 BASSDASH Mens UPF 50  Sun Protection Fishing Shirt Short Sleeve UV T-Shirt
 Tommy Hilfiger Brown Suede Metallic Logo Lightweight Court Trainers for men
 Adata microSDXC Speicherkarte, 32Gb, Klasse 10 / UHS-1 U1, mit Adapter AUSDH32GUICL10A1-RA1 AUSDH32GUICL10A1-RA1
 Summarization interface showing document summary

--------

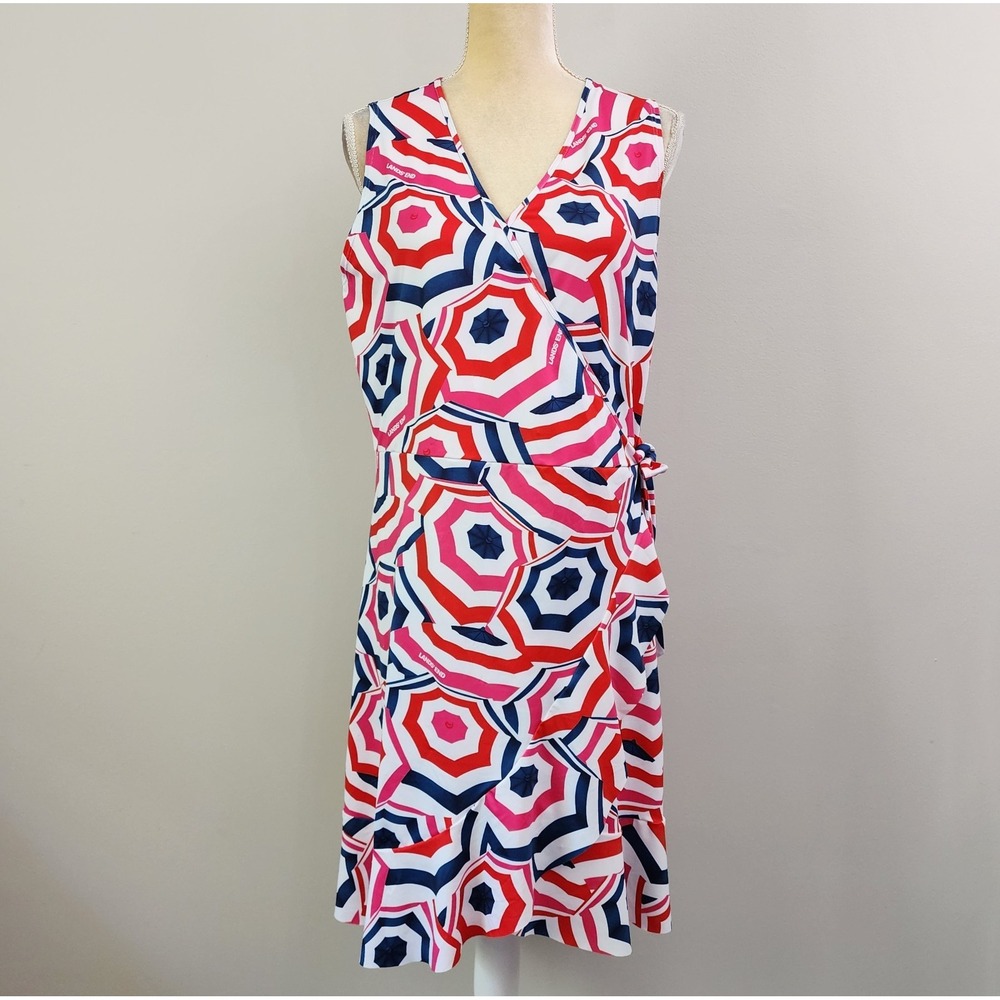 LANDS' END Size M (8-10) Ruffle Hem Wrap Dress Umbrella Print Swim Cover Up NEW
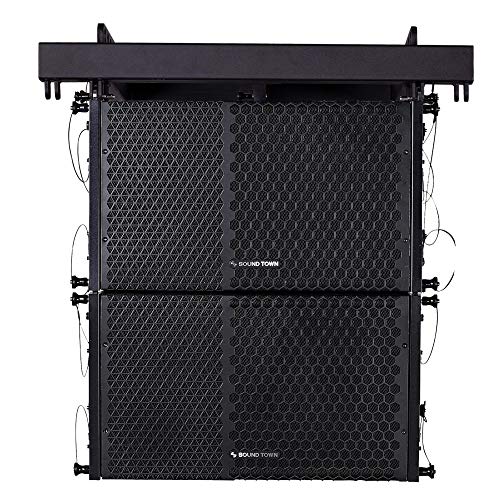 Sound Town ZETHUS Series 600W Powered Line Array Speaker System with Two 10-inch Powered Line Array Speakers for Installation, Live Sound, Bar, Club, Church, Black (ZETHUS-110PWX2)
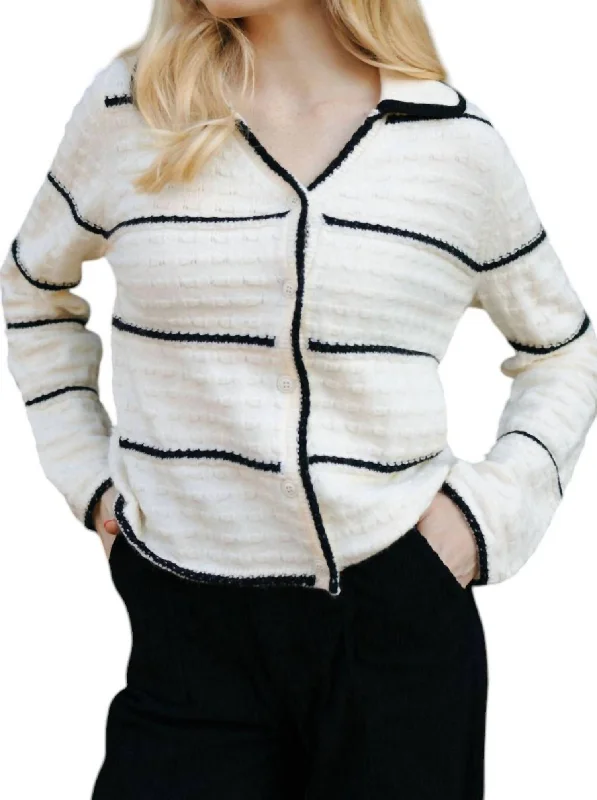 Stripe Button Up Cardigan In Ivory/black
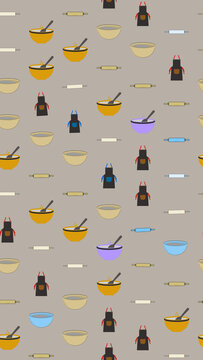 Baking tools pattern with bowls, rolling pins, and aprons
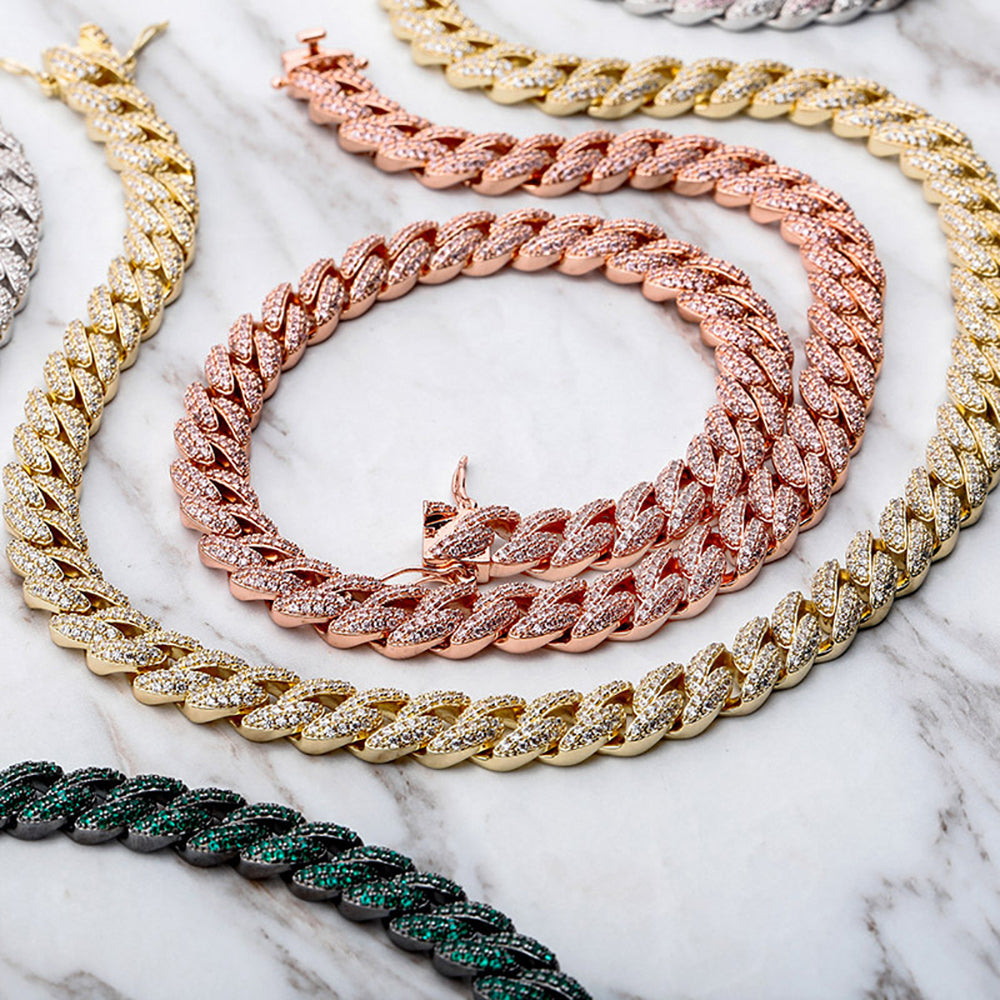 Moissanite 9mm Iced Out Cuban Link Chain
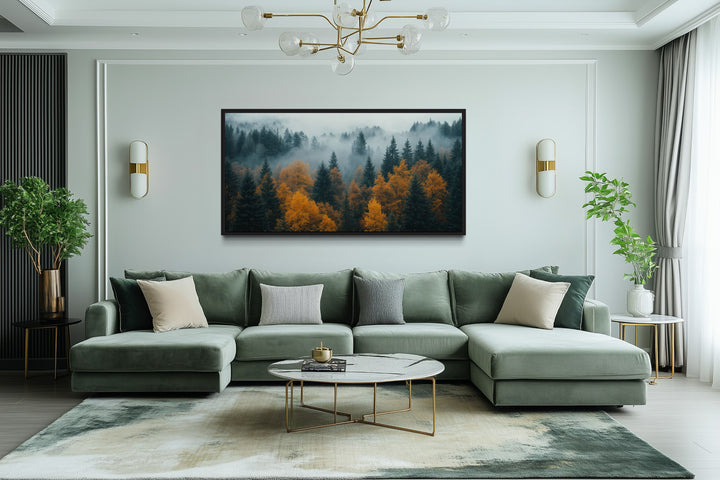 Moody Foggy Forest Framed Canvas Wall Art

--------

* **INSTRUCTIONS TO FOLLOW**
Output, from the data above, the lines from the line with "BASSDASH Mens UPF" to the line with "Summarization interface showing" exactly as they stand, both ends included and nothing else.

* **FINAL ANSWER**
 BASSDASH Mens UPF 50  Sun Protection Fishing Shirt Short Sleeve UV T-Shirt
 Tommy Hilfiger Brown Suede Metallic Logo Lightweight Court Trainers for men
 Adata microSDXC Speicherkarte, 32Gb, Klasse 10 / UHS-1 U1, mit Adapter AUSDH32GUICL10A1-RA1 AUSDH32GUICL10A1-RA1
 Summarization interface showing document summary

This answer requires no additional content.